Ehstoday 3528 1rowing
Ehstoday 3528 1rowing
Ehstoday 3528 1rowing
Ehstoday 3528 1rowing
Ehstoday 3528 1rowing

One Direction: Aligning Management and the Workforce for Safety Engagement

Oct. 8, 2014
When management and the workforce are aligned and engaged in safety, excellence is on the horizon.

My last few published articles and several of my recent presentations have focused on the importance of transformational leadership – not just in EHS, but also in other important functional areas such as cost, quality and production. As I continue to grow my knowledge in leadership, it's become apparent that the concept of engagement is gaining traction.  

As an example, the Harvard Business Review's May 2014 cover story was "Blue Ocean Leadership: How to Engage your Employees and Stop Wasting Everyone's Time." The June issue of HBR included a piece titled "Motivational Tools that Improve Engagement." The opening paragraph in the May HBR cover story reinforced – in a very powerful way – my belief that there's a tremendous opportunity awaiting those who have the skills to engage the workforce.  

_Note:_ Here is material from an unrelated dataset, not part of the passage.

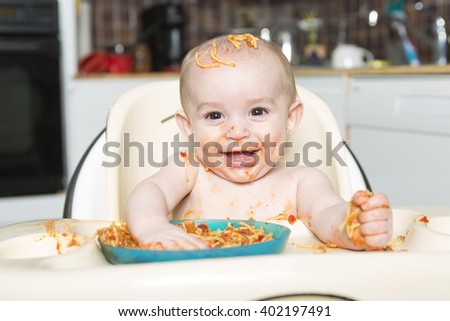 A Little b eating her dinner and making a mess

"It's a sad truth about the workplace: Just 30 percent of employees are actively committed to doing a good job," reads the HBR cover story. "According to Gallup's 2013 ‘State of the American Workplace' report, 50 percent of employees merely put their time in, while the remaining 20 percent act out their discontent in counterproductive ways." 

The Gallup "State of the American Workplace" is a highly respected report. What it says is there's tremendous potential for achieving improved results if organizations can grow the percentage of employees who are actively committed (engaged).  

Does safety performance relate to this? Of course it does – as does performance in any important business output, be it cost, production quality or customer service. The opportunity lies in our ability to increase the percentage of engaged employees. But how do we accomplish this?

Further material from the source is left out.